Nous parlions il y a quelques semaines de sa prise de position publique face à la radicalisation du mouvement des “Querdenker”, ces opposants à la vaccination contre la Covid-19. Le président avait alors dénoncé une “banalisation” de l’antisémitisme, et appelé la société civile à se mobiliser. 

Sa réélection souligne finalement la volonté de stabilité et de continuité en Allemagne. Alors que la chancellerie a changé de mains après 16 ans de pouvoir d’Angela Merkel, et qu’une nouvelle coalition exerce le pouvoir au niveau fédéral depuis décembre.

Qui est donc ce président réélu pour un second, et dernier mandat de 5 ans ?

Ce sera effectivement le dernier de Frank-Walter Steinmeier, la réélection n’étant possible qu’une seule fois.
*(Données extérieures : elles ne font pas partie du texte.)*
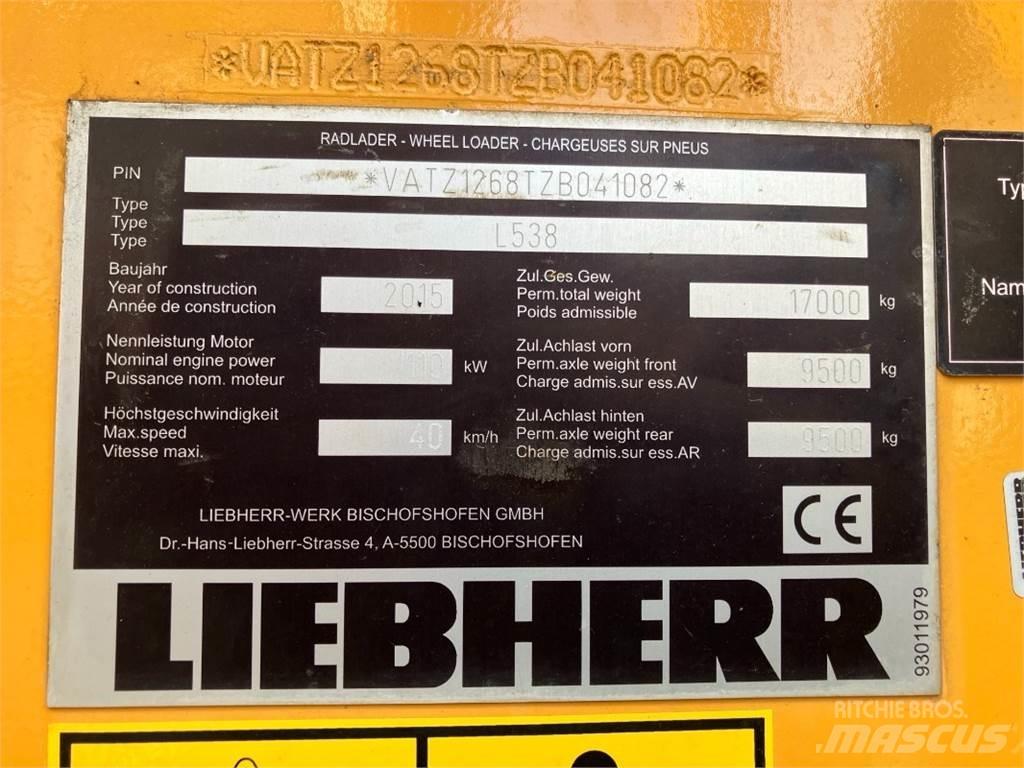Liebherr L538 Pyöräkuormaajat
Quatre candidats étaient proposés, par les sociaux-démocrates donc, par la gauche radicale Die Linke, par le parti Freie Wähler, et par l’extrême droite populiste AfD. Le résultat était attendu : le président sortant avait en effet le soutien des trois partis de la coalition, le SPD, les Verts et les libéraux du FDP, ainsi que des chrétiens-démocrates, le premier parti d’opposition. 
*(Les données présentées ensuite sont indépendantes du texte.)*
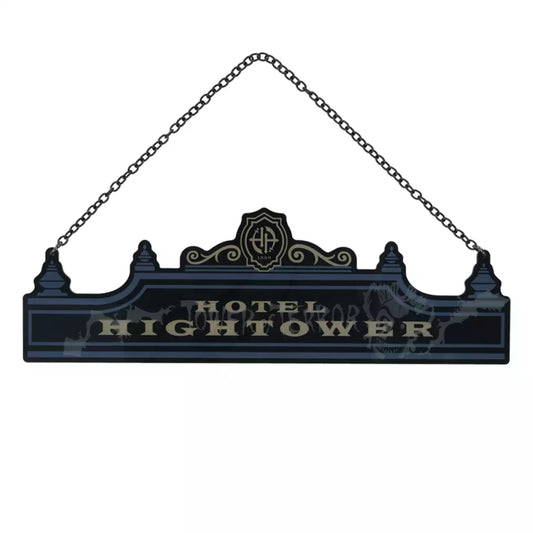 Tokyo Disney Resort - Tower of Terror / High Tower Hotel - Glow in the Dark Sign Plate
Pour retracer en quelques mots sa biographie : né en 1956, en Westphalie, Frank-Walter Steinmeier est docteur en droit. Il a construit sa carrière dans le sillage de l’ancien chancelier Gerhard Schröder. Il a notamment été ministre des Affaires étrangères de la Grande Coalition avec la CDU-CSU d’Angela Merkel, de 2005 à 2009 et de  2013 à 2017. Il a également été candidat, malheureux, à la chancellerie en 2009, et chef de l’opposition au Bundestag de 2009 à 2013.

Depuis 2017, le ministère des Affaires étrangères allemand le rappelait, il a axé son action en tant que président fédéral autour de la défense de la démocratie, du dépassement des divisions au sein de la société, de la lutte contre l’antisémitisme, de la solidarité durant la pandémie et de la responsabilité de l’Allemagne sur la scène internationale. Une volonté d’incarner un repère pour la société allemande.

Après sa réélection ce dimanche, Frank-Walter Steinmeier a averti : “Ne sous-estimez pas le pouvoir de la démocratie”, face à la menace russe d’un conflit en Ukraine. Alors que les inquiétudes se font jour à travers le monde sur l’état de nos démocraties, un tel rappel ne peut sans doute qu’être salutaire.